To do:
Records follow. Select each line holding "Hand".

Data for the task:
**********

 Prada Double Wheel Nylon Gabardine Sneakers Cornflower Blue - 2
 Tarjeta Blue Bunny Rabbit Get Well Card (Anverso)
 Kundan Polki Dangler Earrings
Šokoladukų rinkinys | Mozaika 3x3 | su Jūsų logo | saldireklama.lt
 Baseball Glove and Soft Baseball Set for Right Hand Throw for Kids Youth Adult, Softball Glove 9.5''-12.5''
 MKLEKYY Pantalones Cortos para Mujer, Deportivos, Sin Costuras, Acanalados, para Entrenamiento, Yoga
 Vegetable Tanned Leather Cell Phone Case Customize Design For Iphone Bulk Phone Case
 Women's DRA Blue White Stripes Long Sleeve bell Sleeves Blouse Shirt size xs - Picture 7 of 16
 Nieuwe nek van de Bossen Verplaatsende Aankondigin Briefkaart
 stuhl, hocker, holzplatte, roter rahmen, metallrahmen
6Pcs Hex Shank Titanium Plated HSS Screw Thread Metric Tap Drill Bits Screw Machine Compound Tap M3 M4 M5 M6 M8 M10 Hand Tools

**********

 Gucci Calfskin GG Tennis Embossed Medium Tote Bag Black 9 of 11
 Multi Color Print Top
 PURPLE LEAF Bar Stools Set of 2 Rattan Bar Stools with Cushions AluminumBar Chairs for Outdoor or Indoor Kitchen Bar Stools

**********

Task result:
 Baseball Glove and Soft Baseball Set for Right Hand Throw for Kids Youth Adult, Softball Glove 9.5''-12.5''
6Pcs Hex Shank Titanium Plated HSS Screw Thread Metric Tap Drill Bits Screw Machine Compound Tap M3 M4 M5 M6 M8 M10 Hand Tools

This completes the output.